We shall now trace another example where the line segments are given by [(1, 1), (2, 2)], [(2, 2), (3, 2)], [(3, 2), (2, 1)], [(2, 1), (1, 1)].

  • Here, we can observe that there are four distinct points, which are (1, 1), (2, 2), (3, 2), and (2, 1).
  • On determining the pairwise distances, we find three distinct distances, given by √2, √5, and 1.
  • Now, sum of sqaures of √2 and 1 is 3, which is not equal to the square of √5. Hence, the given line segments do not form a rectangle.

Implementing the Solution

We shall implement the solution using C++.

#include<iostream>
#include<vector>
#include<set>

using namespace std;

class EndPoints
{
  vector<vector<int> > points;
  public:
  set<int> dist;
  int size = 0;
    EndPoints(){
      points = {};
    }
    void add(int a, int b)
    {
      vector<int> v = {a, b};
      for(int i = 0; i<size; i++)
      {
        if(points[i][0] == a && points[i][1] ==b)
        {
          return;
        }
      }
      points.push_back(v);
      ++size;
    }
    int dist_cal(){
     
      for(int i = 0; i < size; i++)
      {
        for(int j = i + 1; j < size; j++)
        {
          dist.insert((points[j][1] - points[i][1])*(points[j][1] - points[i][1]) +
          (points[j][0] - points[i][0]) * (points[j][0] - points[i][0]));
        }
      }
      return dist.size();
    }
       
};

int check_rect(int arr[4][4])
{
  EndPoints s;
  for(int i = 0; i< 4; i++)
  {
    s.add(arr[i][0], arr[i][1]);
    s.add(arr[i][2], arr[i][3]);
  }
  if(s.size!=4) return 0;
  else{
    switch(s.dist_cal())
    {
      case 3: if (*s.dist.begin() + *(++s.dist.begin())==*s.dist.rbegin() ) return 1;
      else return 0;
      case 2: if(2* (*s.dist.begin()) == *s.dist.rbegin()) return 1;
      else return 0;
      default: return 0;

    }
  }
}

int main()
{
  int arr[4][4] = { 
        {1, 1, 1, -1},
        {1, -1, -1, -1},
        {-1, -1, -1, 1},
        {-1, 1, 1, 1}
    };
  if (check_rect(arr) == 1)
  {
    cout<<"RECTANGLE";
  }
  else cout<<"NOT A RECTANGLE";
}

Here, we note the following:

  • The input is given in the form of a 4 x 4 array, where in each 1 x 4 array, the first two numbers denote the coordinates of the first point and the last two numbers denote the coordinates of the second points respectively.
  • Here, we have a class called endpoints whose purpose is to store the distinct endpoints we have, and also to calculate the pairwise distances between them.
  • First, we take each endpoint of each line segment, and if it is not already added to the class, we add it to the class and increment the size variable.
  • After adding all endpoints, if the number of endpoints is exactly 4, then we proceed to finding all the pairwise distances.

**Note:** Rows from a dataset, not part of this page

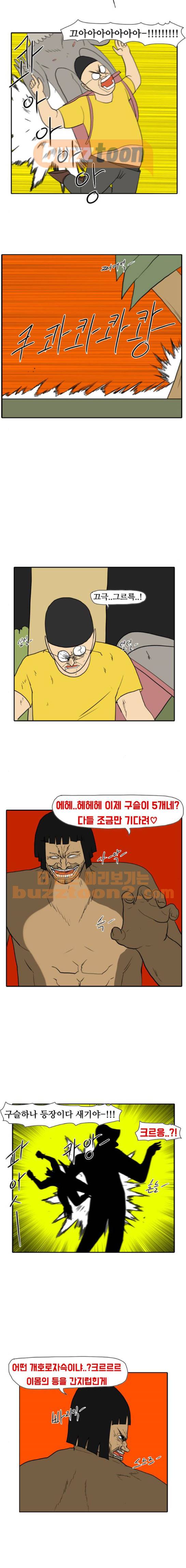 언덕 위의 제임스 168화 3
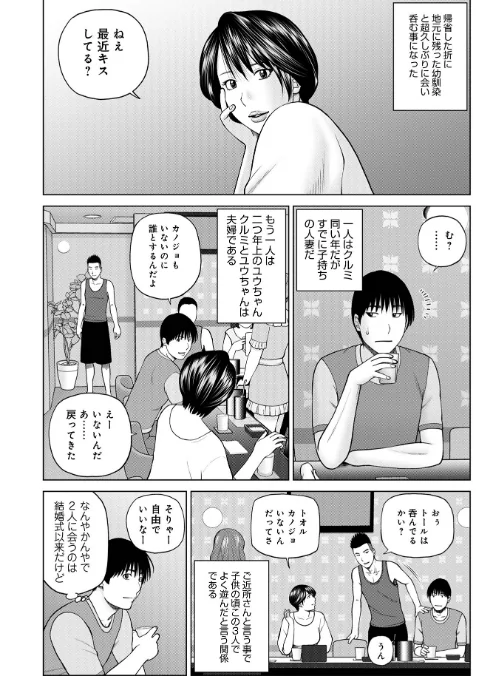 〈エロ漫画〉濡れしたたる人妻たち【デジタル特装版】|作者:黒木秀彦 メディアックス編集部 試し読みサンプル 36ページ目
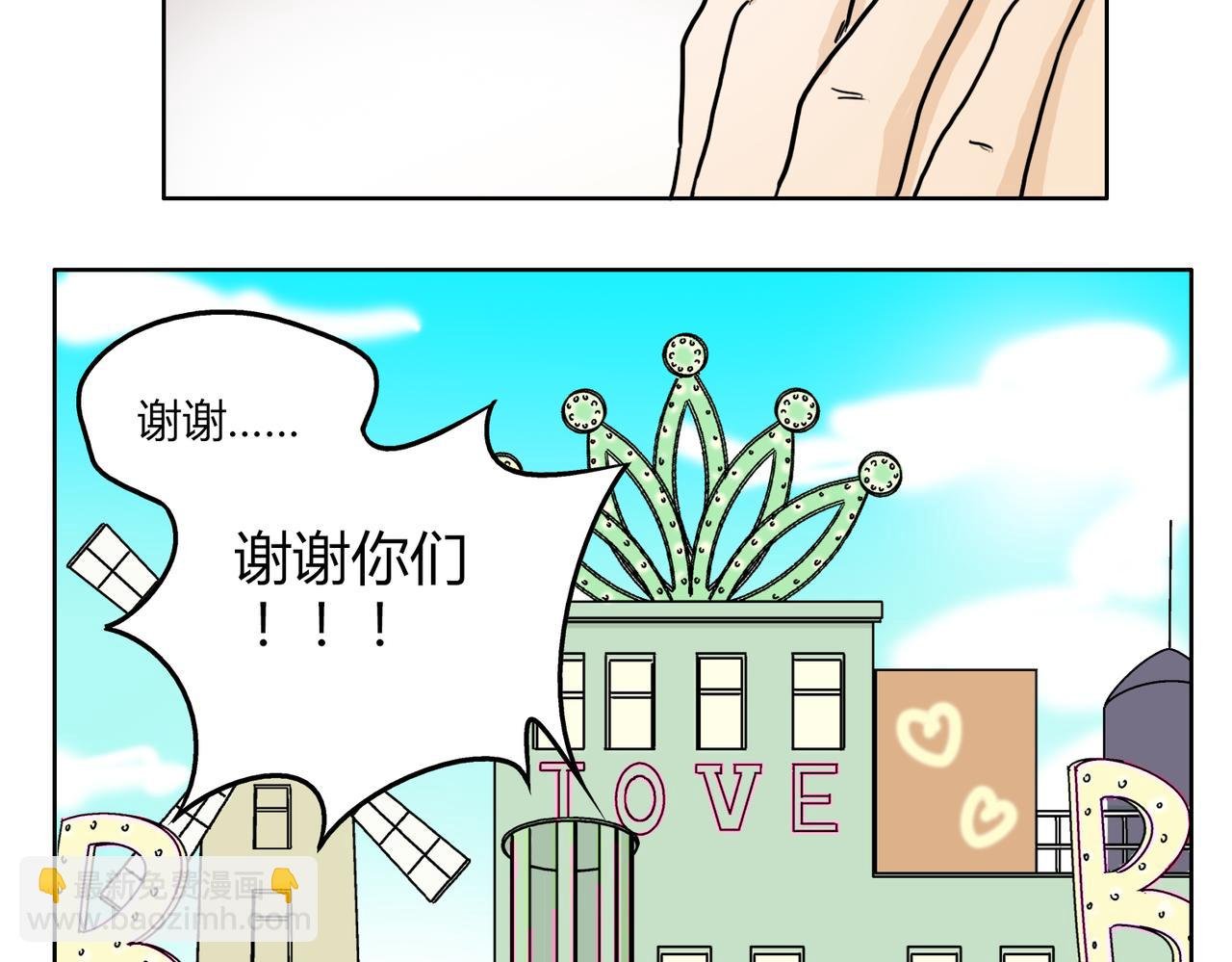 第56话 对事业专一的男人最有魅力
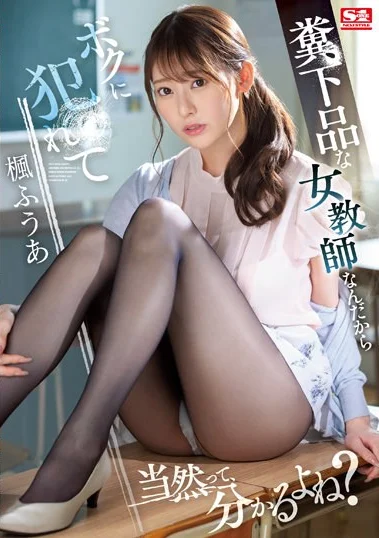 SSIS-646 Kisah Cinta Guru Cantik Yang Ketahuan – Fua Kaede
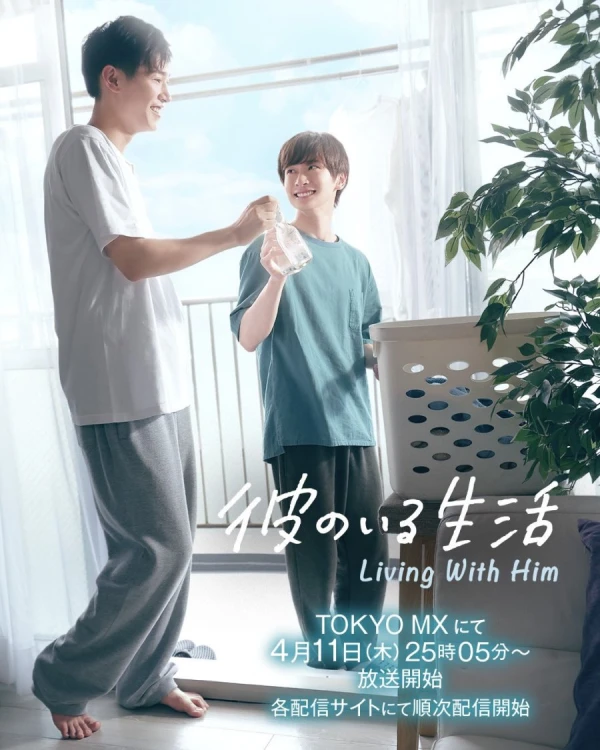Film: Living with Him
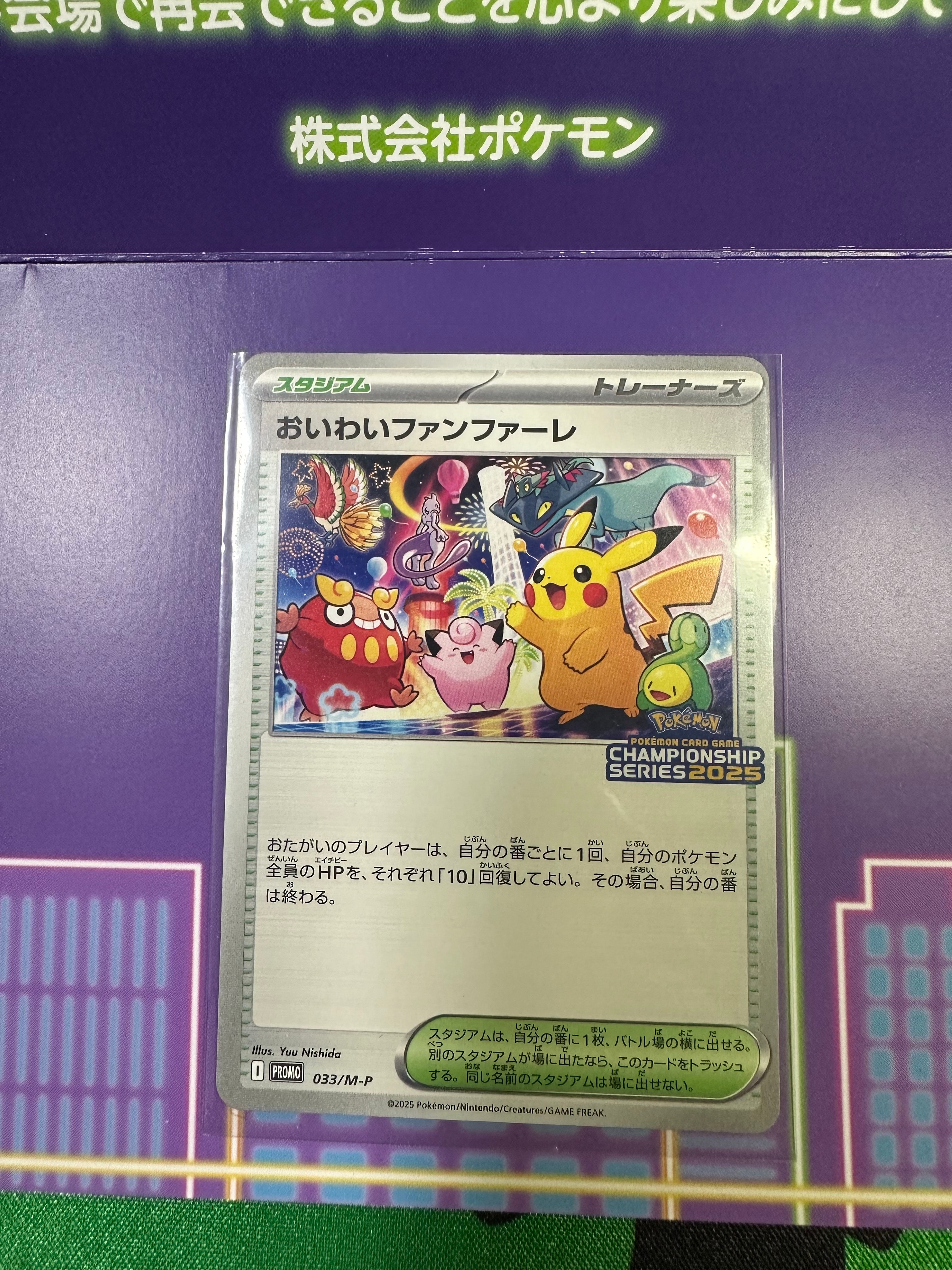 PSA10】おいわいファンファーレ P [M-P 033](プロモーションカード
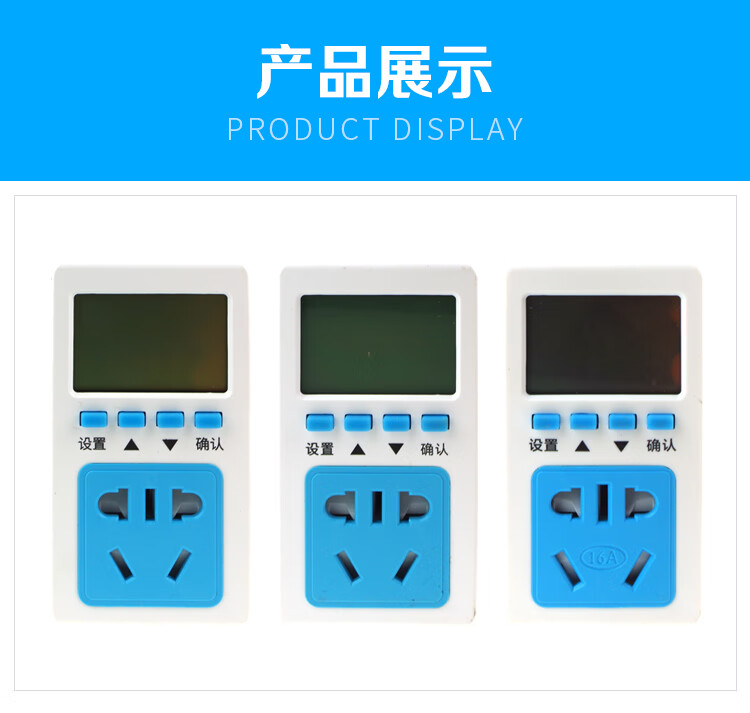 电度表带电表的插座功耗仪电表10/16a家用移动式出租房电表 背光10a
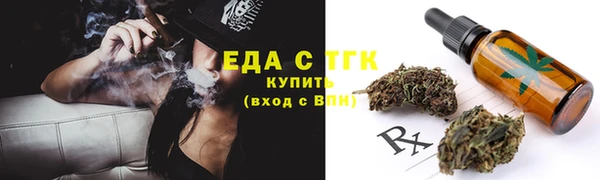 дмт Беломорск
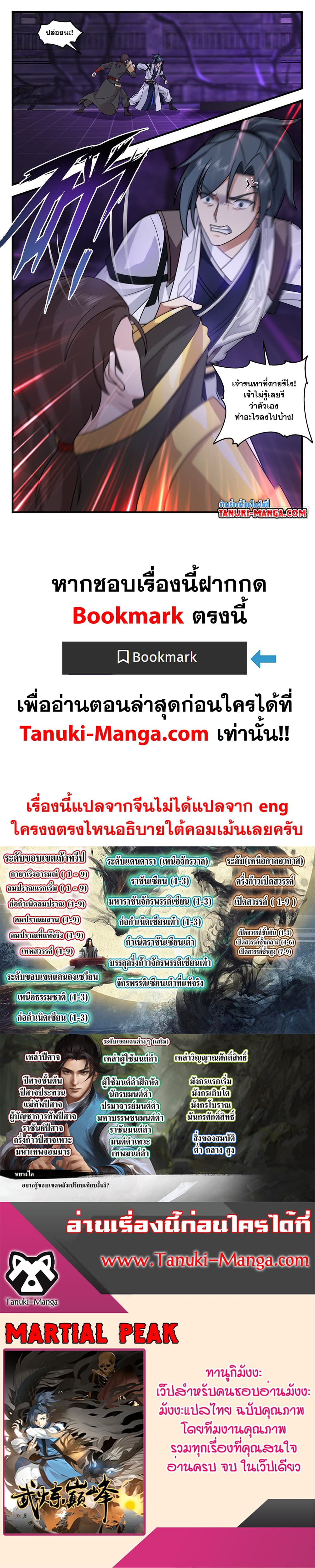 Martial Peak เทพยุทธ์เหนือโลก page 12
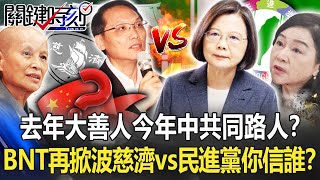 去年大善人今年中共同路人？BNT疫苗再掀波「慈濟vs.民進黨」你相信誰？【關鍵時刻】20220914-1 劉寶傑 黃世聰 黃暐瀚 吳子嘉 李正皓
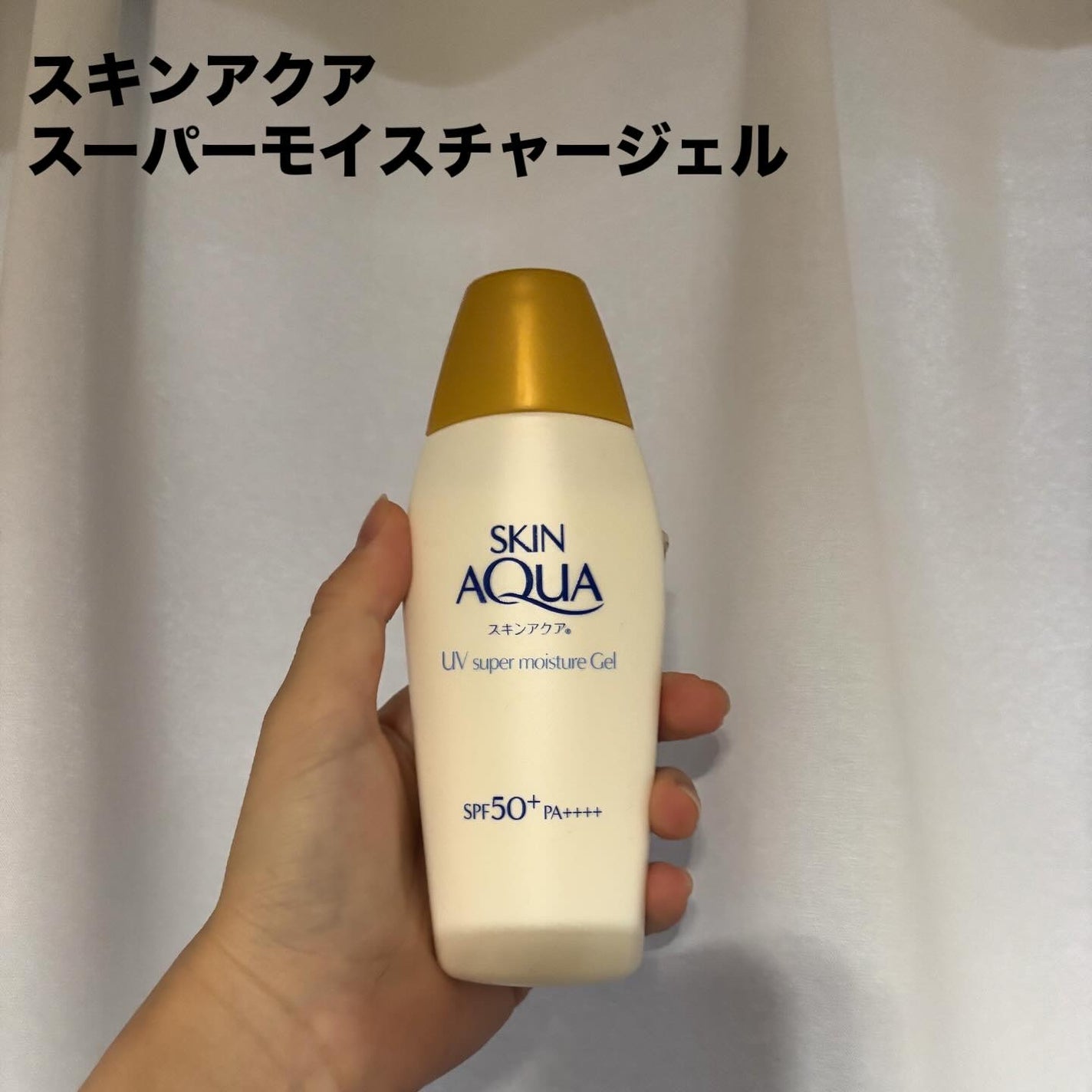 スキンアクア スーパーモイスチャージェル/スキンアクア/日焼け止めジェルを使ったクチコミ(1枚目)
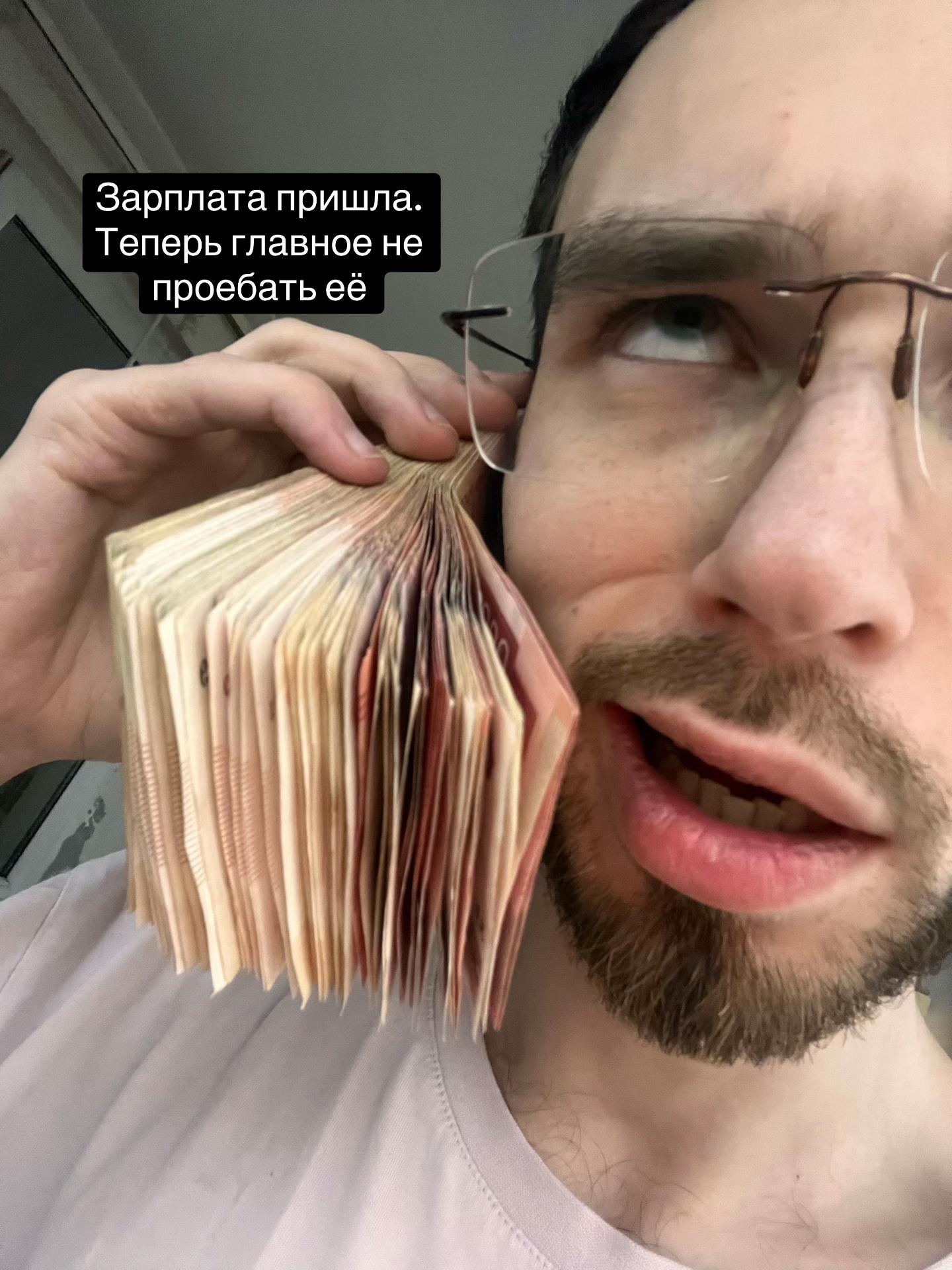 @БИСВИДИ 🧨 КОНЦЕРТ В МСК 14.11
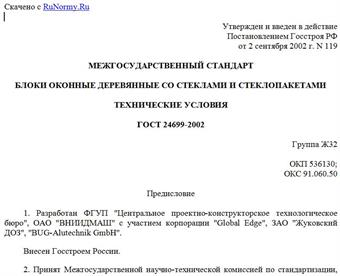"ГОСТ 24699-2002. Блоки оконные деревянные со стеклами и стеклопакетами. Технические условия"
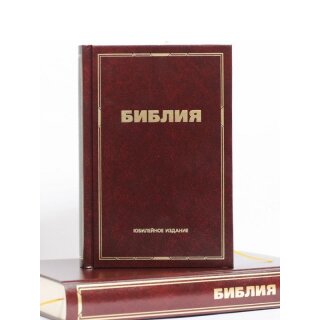 Библия Юбилейное издание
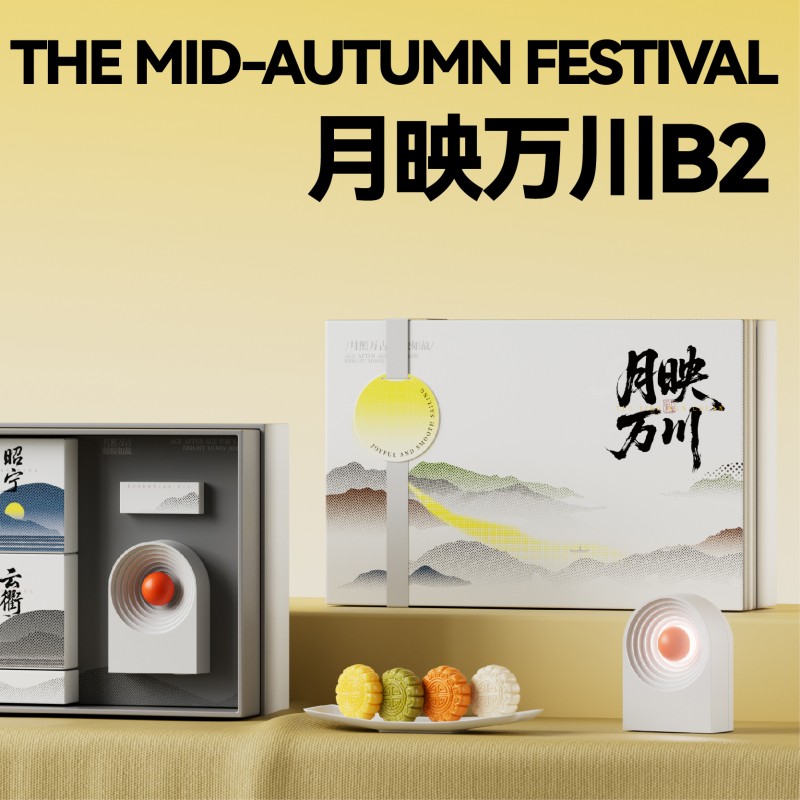 月映万川B2汀声款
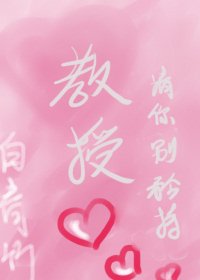 教授,请你别矜持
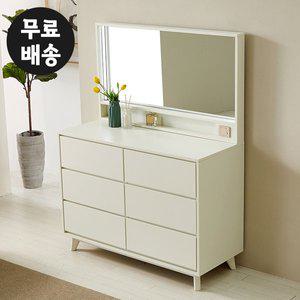 [벤티스가구]레체 와이드 조명 LED 화장대 서랍장 수납장 안방 큰 가구 모던(1200/화이트)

We use a set for the same because it is sorted and each element gets added only once. We find the squares of distances since we use only them to confirm the Pythagoras theorem.

Time and Space Complexity

Here, we know the maximum number of time each for loop shall run, since we shall always give the input in terms of a 4 x 4 array. Hence, although there are multiple for loops, the given code runs with a constant time complexity(O(1)).

Similarly, we know the maximum extra space that will be required to run on the program which will not depend on the input (whose size is fixed). Hence, the space complexity is also given by O(1).

In this article at OpenGenus, you must have the complete idea to solve the problem "Check if 4 Line Segments form a Rectangle".